- _Material to process_

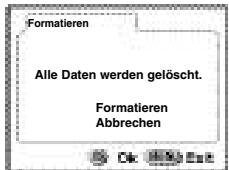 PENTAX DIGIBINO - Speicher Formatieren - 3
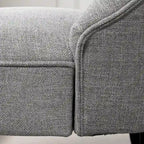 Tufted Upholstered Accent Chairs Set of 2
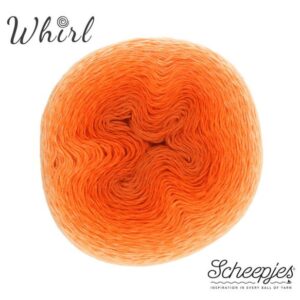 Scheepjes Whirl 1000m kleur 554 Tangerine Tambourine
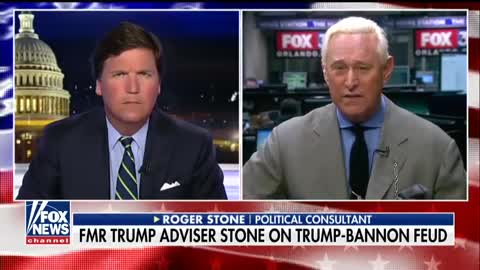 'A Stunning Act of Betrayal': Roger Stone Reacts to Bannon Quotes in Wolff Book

...

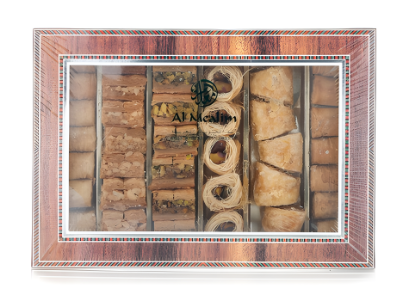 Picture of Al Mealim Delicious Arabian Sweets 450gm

--

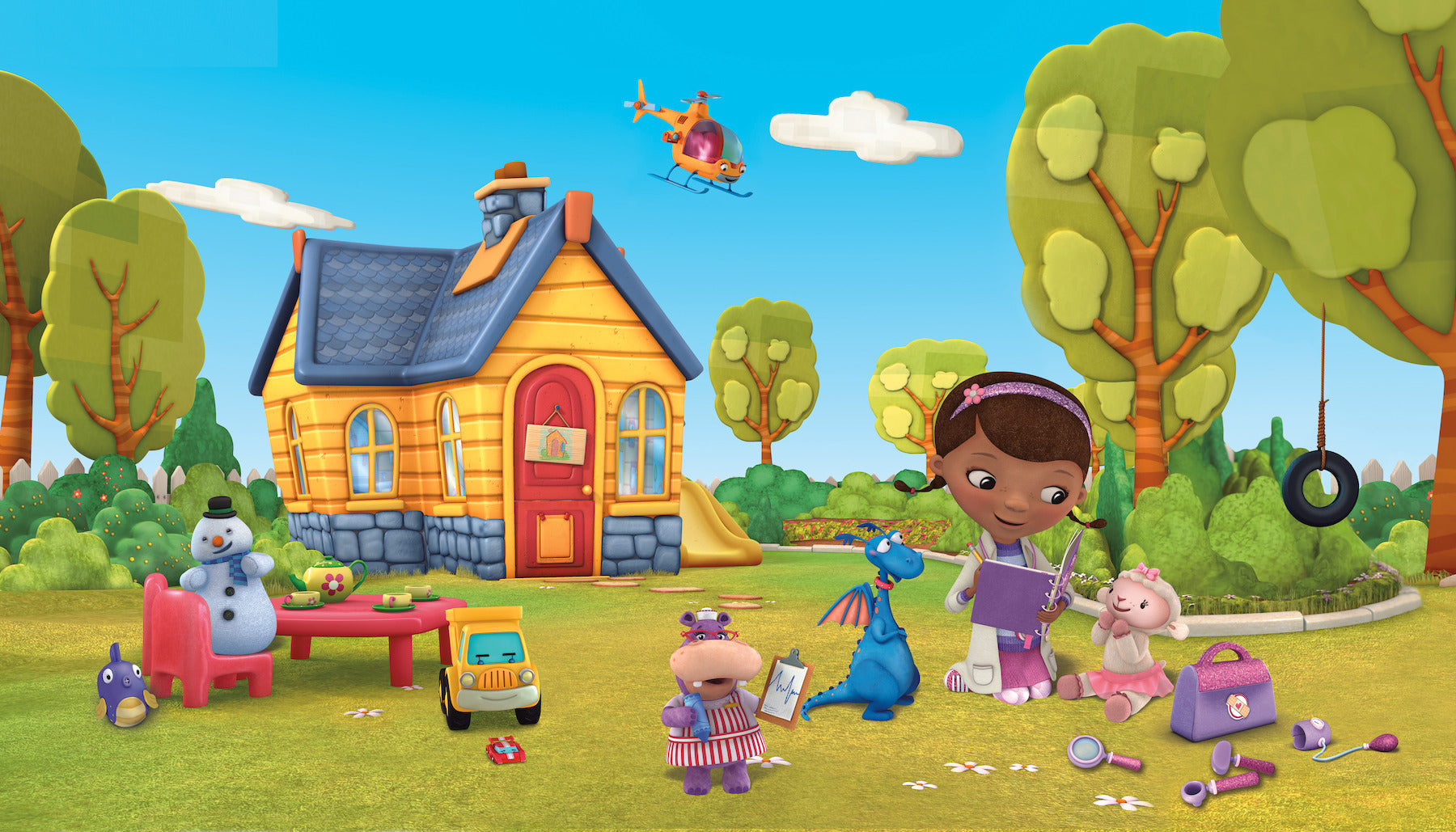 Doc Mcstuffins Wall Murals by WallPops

- _Prompt_
Only the lines above from the one with "PENTAX DIGIBINO - Speicher Formatieren - 3" to the one with "in Wolff Book" should be printed, both included and exactly as written; no picture belongs in the copy.

- _Your response_
 PENTAX DIGIBINO - Speicher Formatieren - 3
 Tufted Upholstered Accent Chairs Set of 2
 Scheepjes Whirl 1000m kleur 554 Tangerine Tambourine
 'A Stunning Act of Betrayal': Roger Stone Reacts to Bannon Quotes in Wolff Book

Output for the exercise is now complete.